Goal of the exercise >>
For this exercise, output the entries below exactly from the line that holds "3 Bedrooms Townhouse in Nueva Andalucía" to the line that holds "Razer Huntsman V2 (Red Switch), USA", both ends included. No pictures belong in the copy.

Entries supplied >>
------

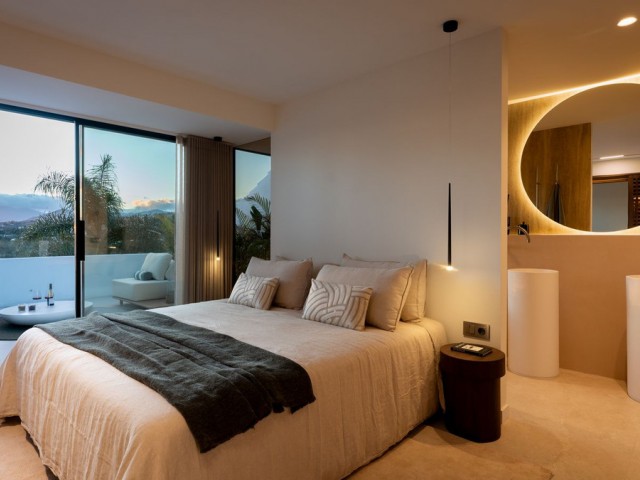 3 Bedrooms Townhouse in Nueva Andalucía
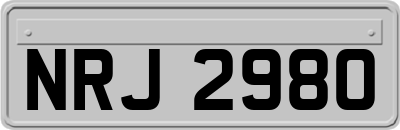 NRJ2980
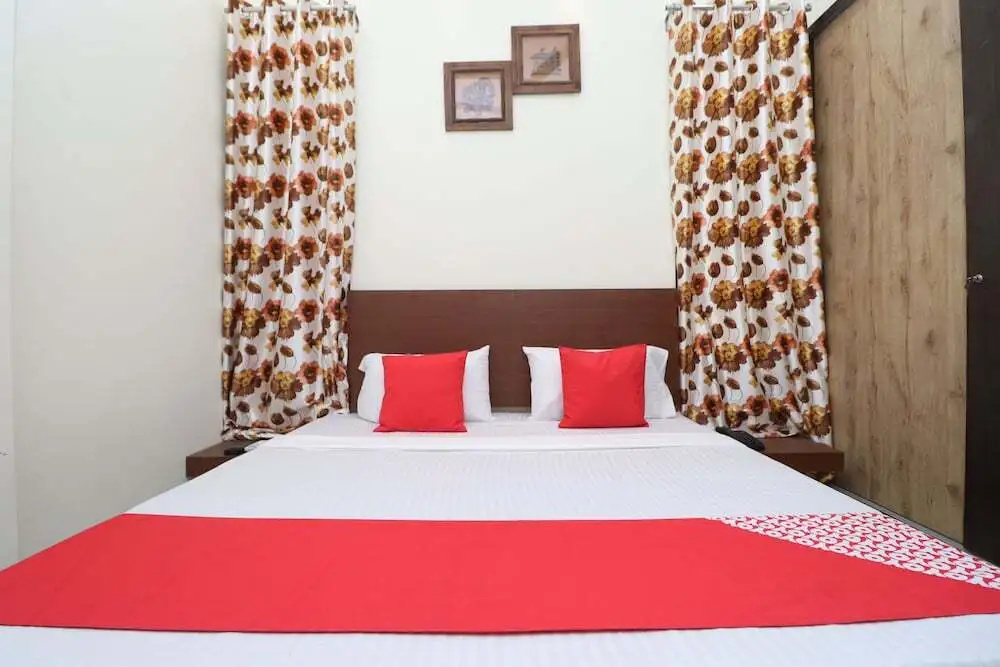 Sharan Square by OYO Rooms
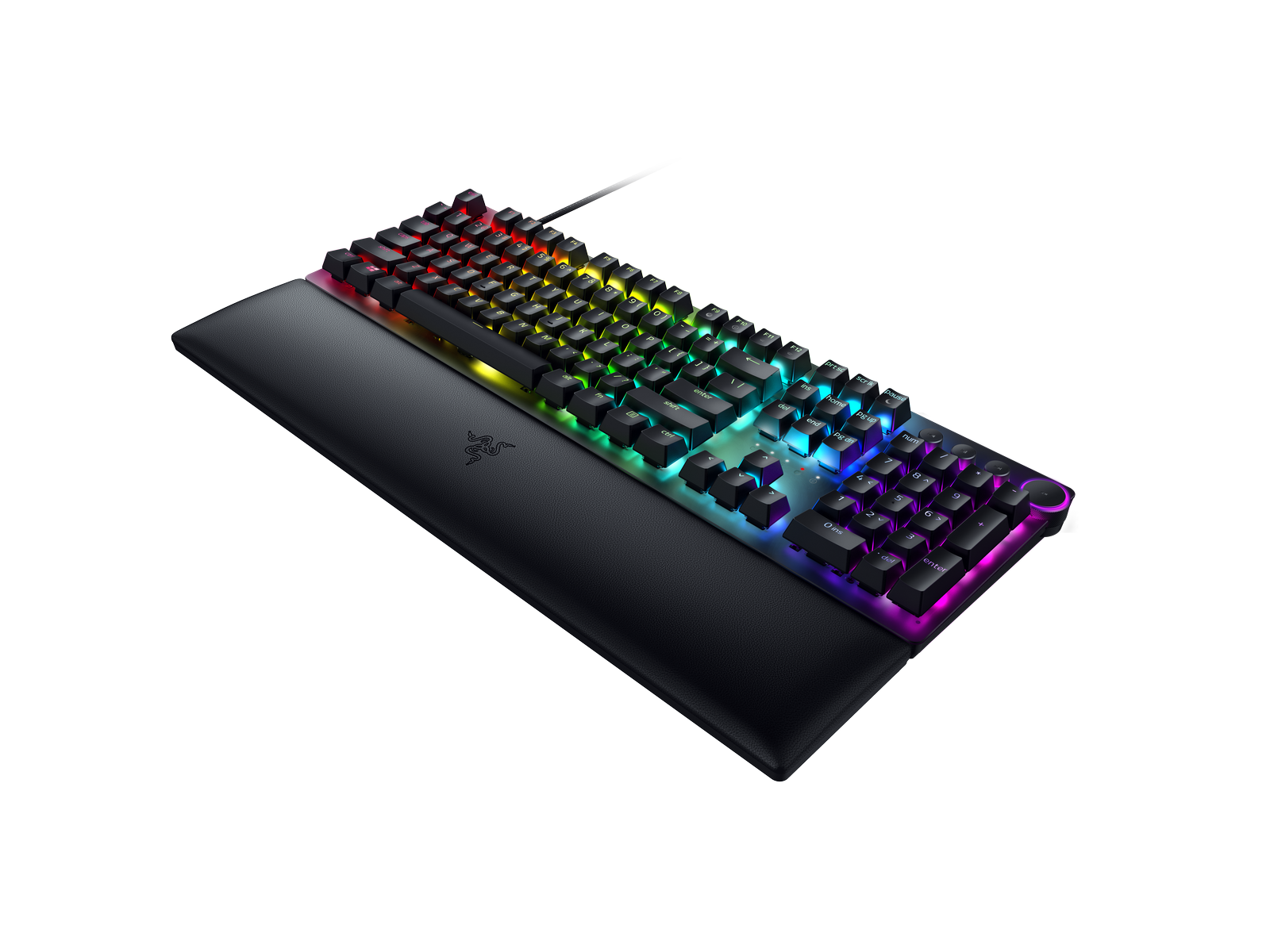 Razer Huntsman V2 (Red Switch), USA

------

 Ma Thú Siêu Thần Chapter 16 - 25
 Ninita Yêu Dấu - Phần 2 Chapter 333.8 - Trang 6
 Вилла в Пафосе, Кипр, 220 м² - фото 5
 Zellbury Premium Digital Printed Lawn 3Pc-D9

------

Your solution >>
 3 Bedrooms Townhouse in Nueva Andalucía
 NRJ2980
 Sharan Square by OYO Rooms
 Razer Huntsman V2 (Red Switch), USA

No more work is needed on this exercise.